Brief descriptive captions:

[Start of Attachment]

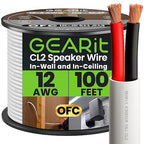 GearIT 16/2 Speaker Wire (100 Feet) 16AWG Gauge - in Wall Audio Speaker Wire Cable / CL2 Rated / 2 Conductors - OFC Oxygen-Free Copper, White 100ft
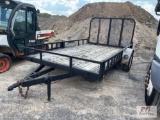 1994 PJ 12ft single axle utility trailer with mesh gate and side rail ramps, 3000lb GVW, has a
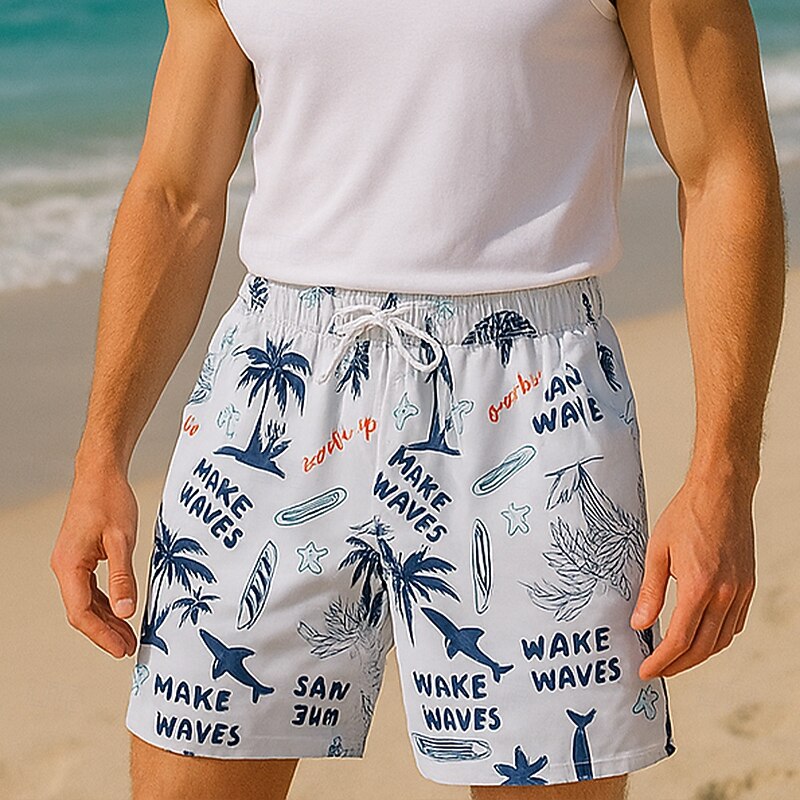 Men's Shorts Beach Shorts Drawstring Graphic Leaf Tree Quick Dry Outdoor Knee Length Outdoor Vacation Home Vacation Ethnic Style White & Blue Dark Blue Micro-elastic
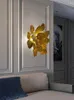 ウォールランプクリエイティブモダンライトラグジュアリーランプリビングルームソファ背景装飾学習オールコッパーハイエンドの葉
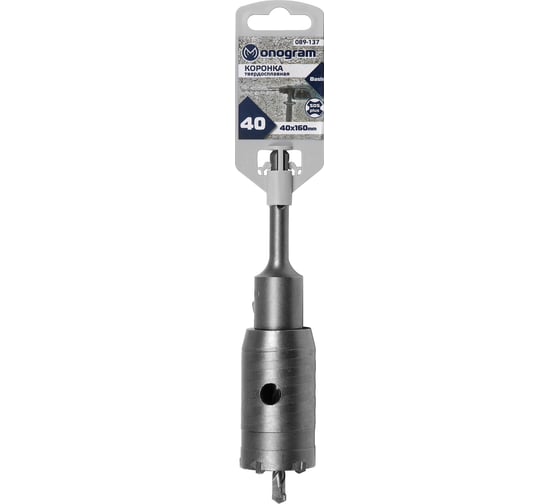 Коронка твердосплавная с адаптером по бетону Basis (40х50х160 мм; SDS-plus) Monogram 089-137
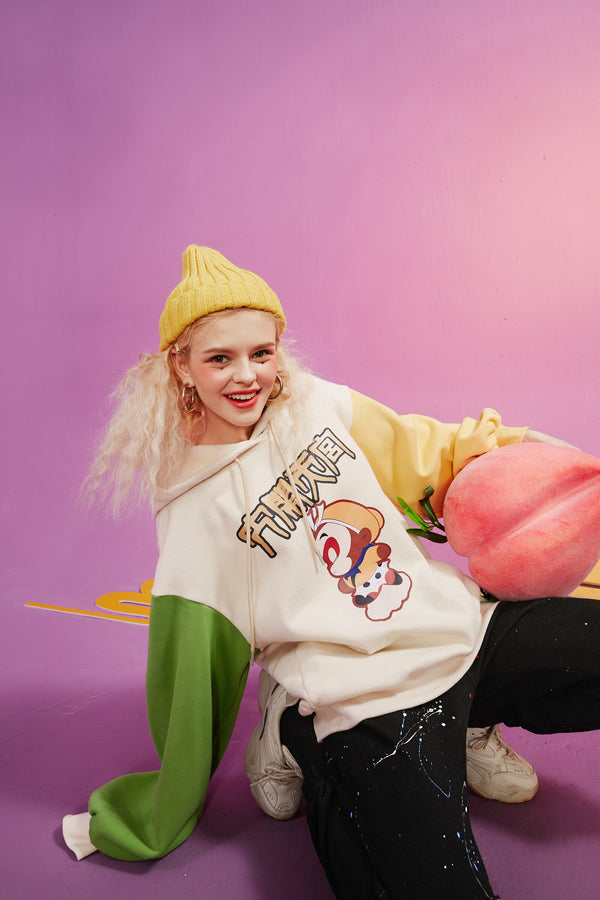 Harajuku Monkey King Embroidery Casual Pullover Sweatshirt Women,Spring Velvet Colorblock Ladies Daily Graphic Top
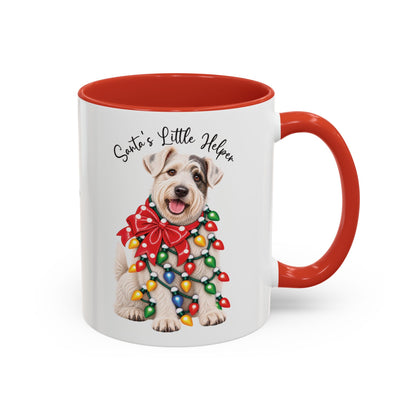 Sealyham Terrier, Santa's little helper, personalised accent colour 11oz mug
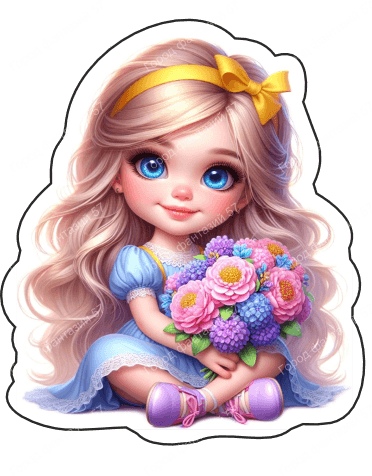 Девочка с цветами в руках (120)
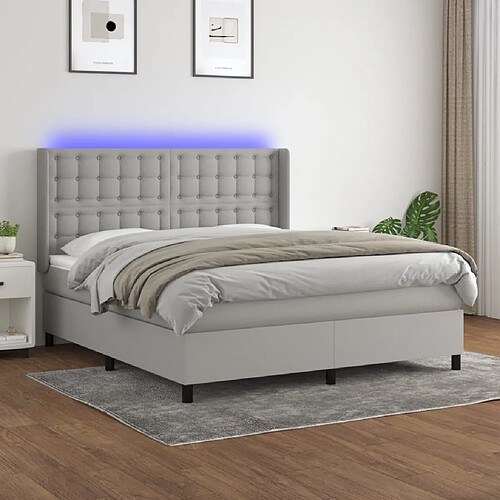 Sommier à lattes et matelas LED,Cadre à lattes de lit pour Adulte Gris clair 160x200 cm Tissu -MN42639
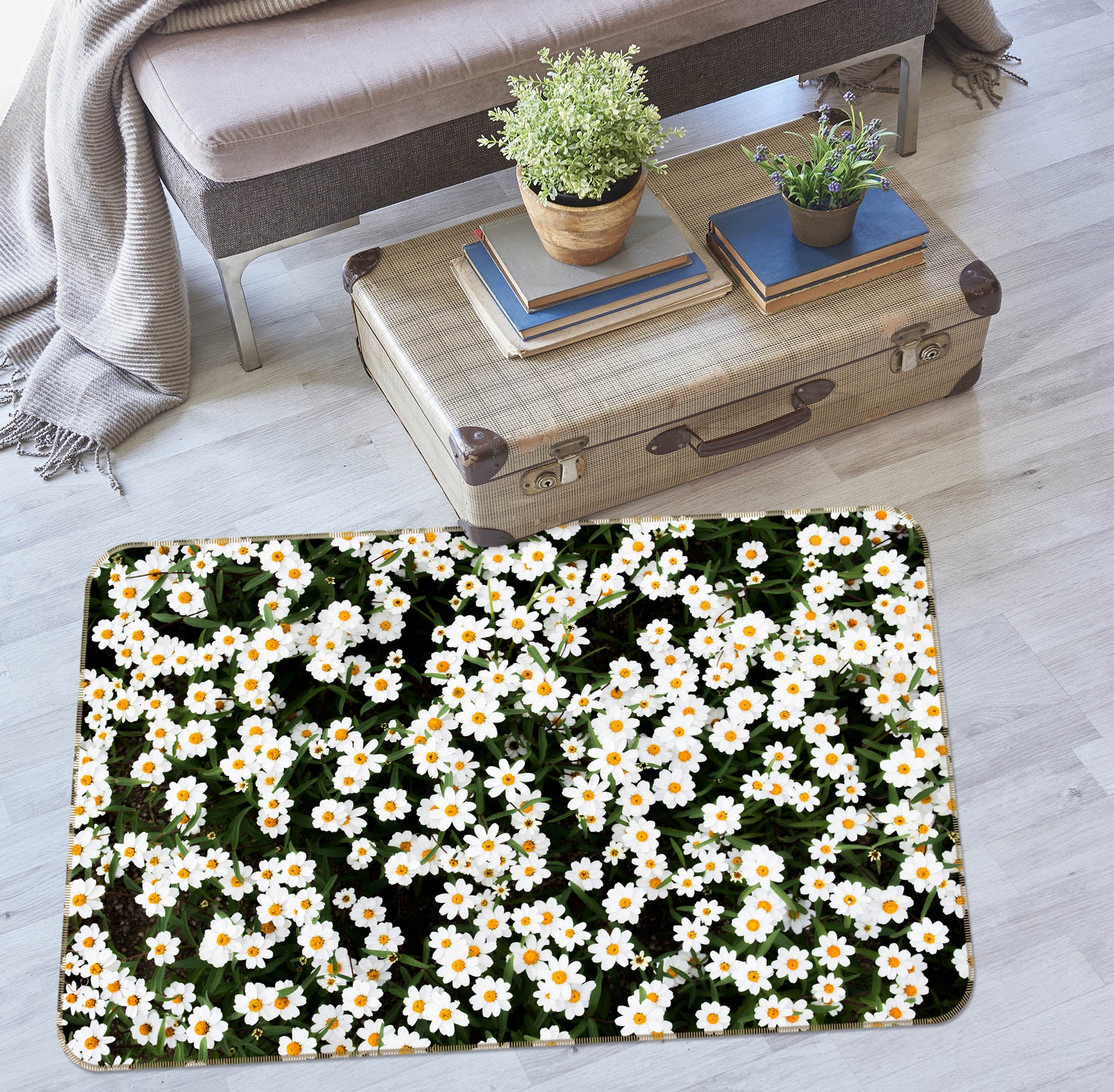 3D Small Daisy Bush 35110 Non Slip Rug Mat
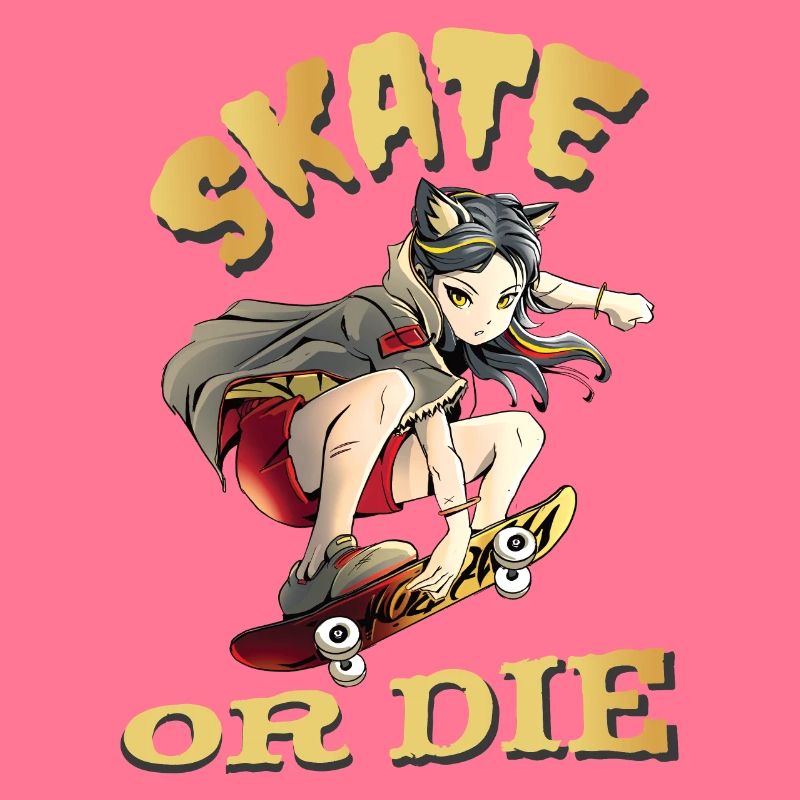 Skate oder stirb Skateboarder Anime Mädchen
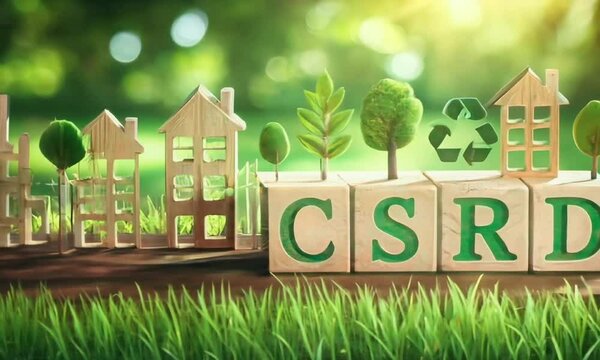 CSRD Blocks with Environmental Icons on Grass

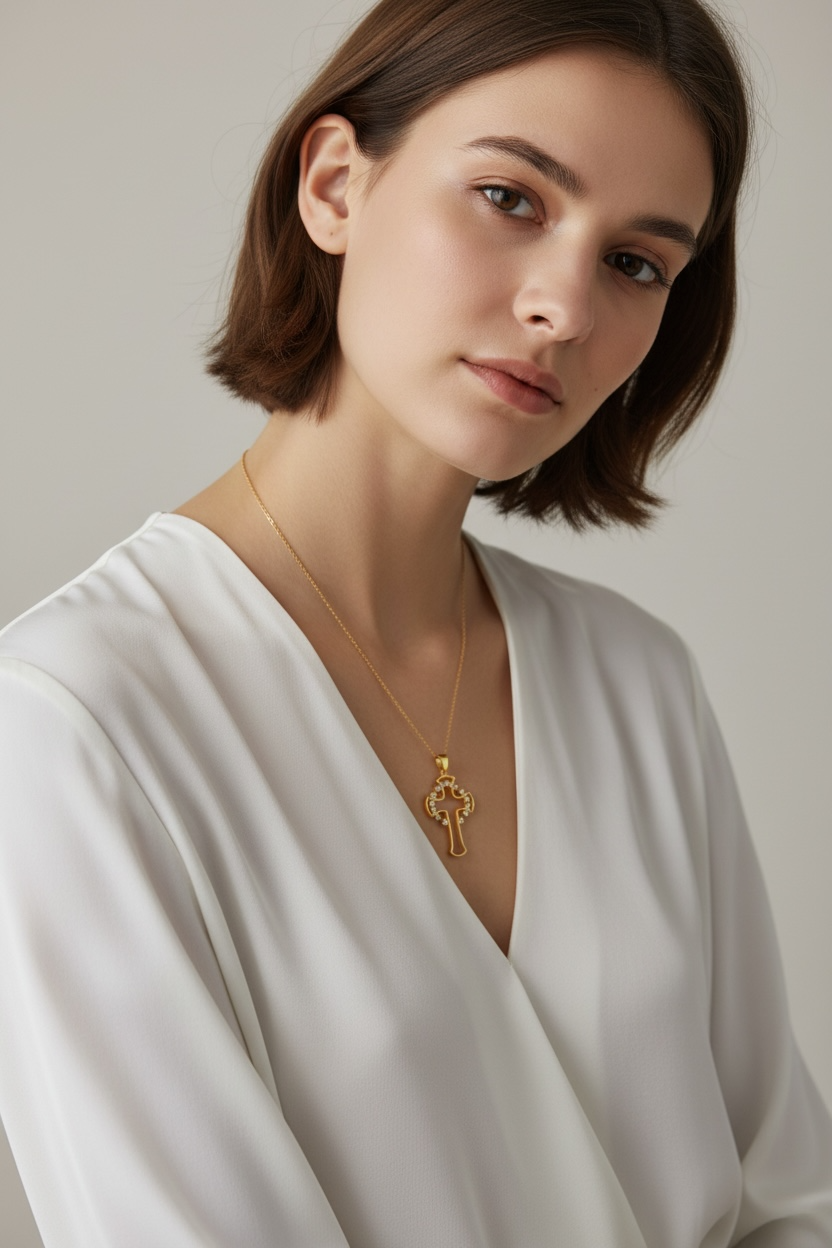 18k Gold Filled Halo Cross Pendant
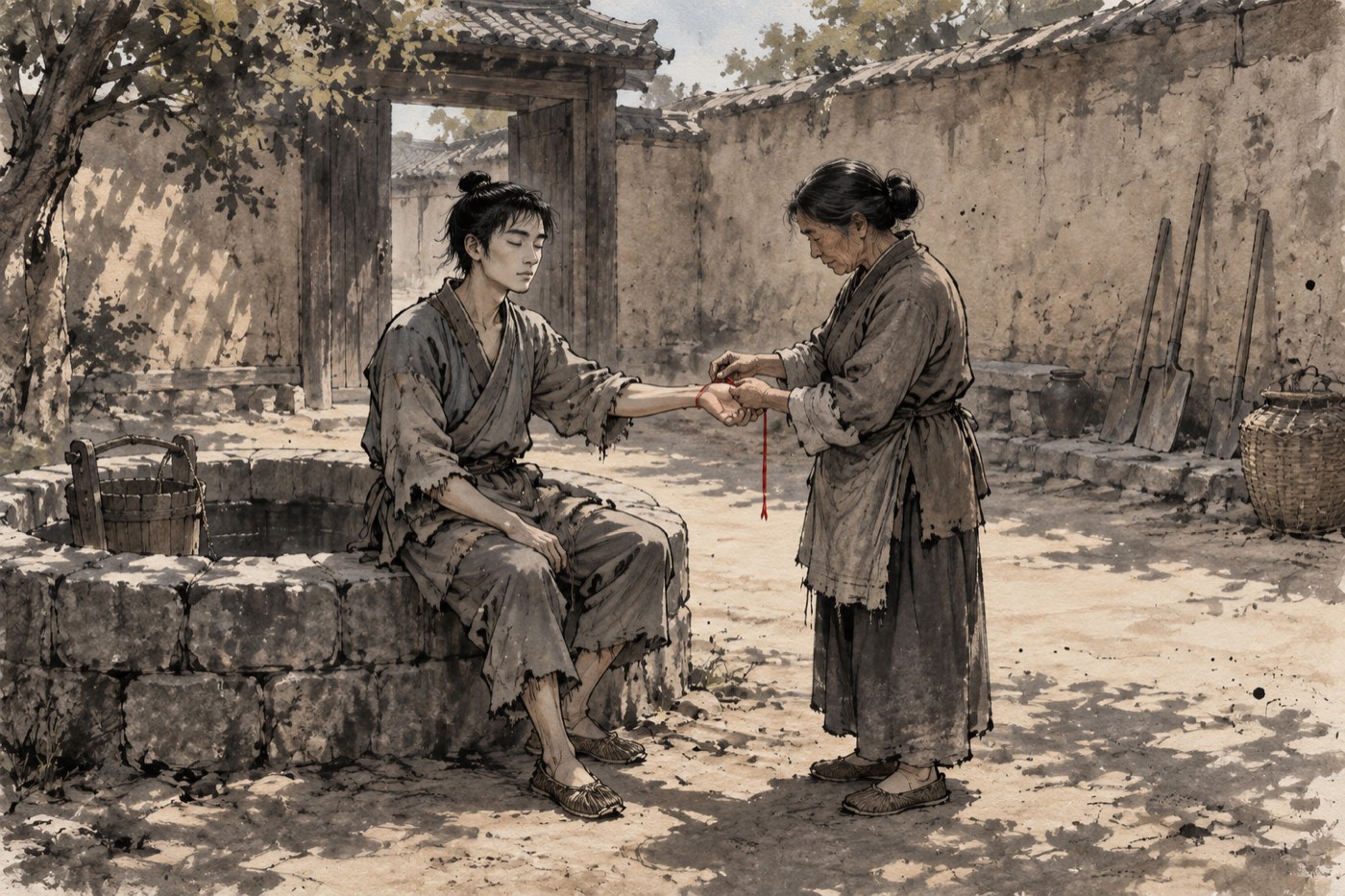 한낮의 관 마당. 마른 흙바닥에 나무 그늘이 얼룩져 있고 담에는 삽 자루들이 기대어 서 있다. 해진 삼베옷을 입은 마른 젊은이가 낮은 우물 턱에 걸터앉아 눈을 감은 채 오른팔을 앞으로 내밀었고, 맞은편에 선 나이 든 여인이 그 손목에 붉은 끈을 감고 있다. 끈은 화면에서 유일하게 색이 짙은 것이고 아직 늘어져 있다.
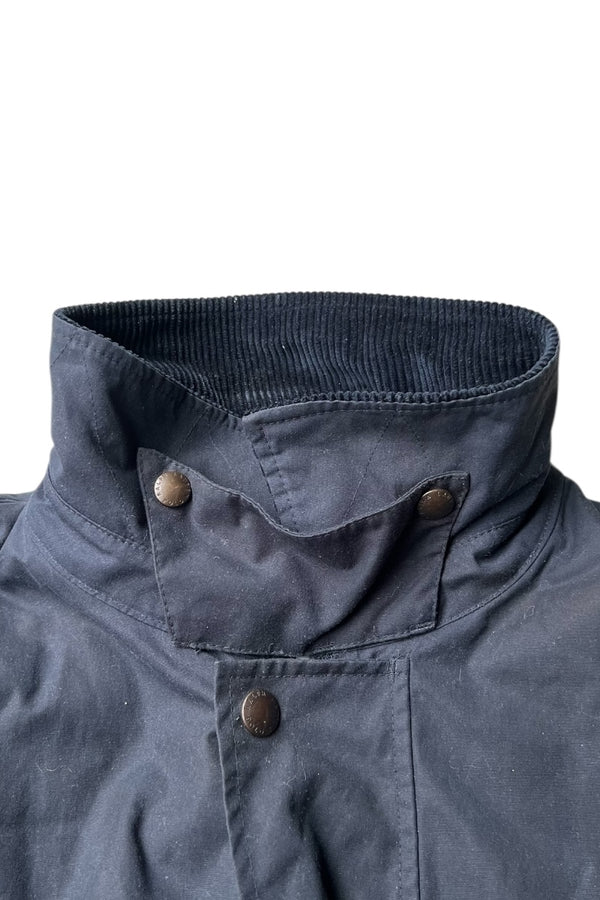 90'S ZIP UP OILED JACKET / NAVY [SIZE: XL USED]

[End of Attachment]

Please repeat exactly the lines from the one containing "CSRD Blocks with" through the end of the entries, both included, omitting pictures.

 CSRD Blocks with Environmental Icons on Grass

 18k Gold Filled Halo Cross Pendant
 한낮의 관 마당. 마른 흙바닥에 나무 그늘이 얼룩져 있고 담에는 삽 자루들이 기대어 서 있다. 해진 삼베옷을 입은 마른 젊은이가 낮은 우물 턱에 걸터앉아 눈을 감은 채 오른팔을 앞으로 내밀었고, 맞은편에 선 나이 든 여인이 그 손목에 붉은 끈을 감고 있다. 끈은 화면에서 유일하게 색이 짙은 것이고 아직 늘어져 있다.
 90'S ZIP UP OILED JACKET / NAVY [SIZE: XL USED]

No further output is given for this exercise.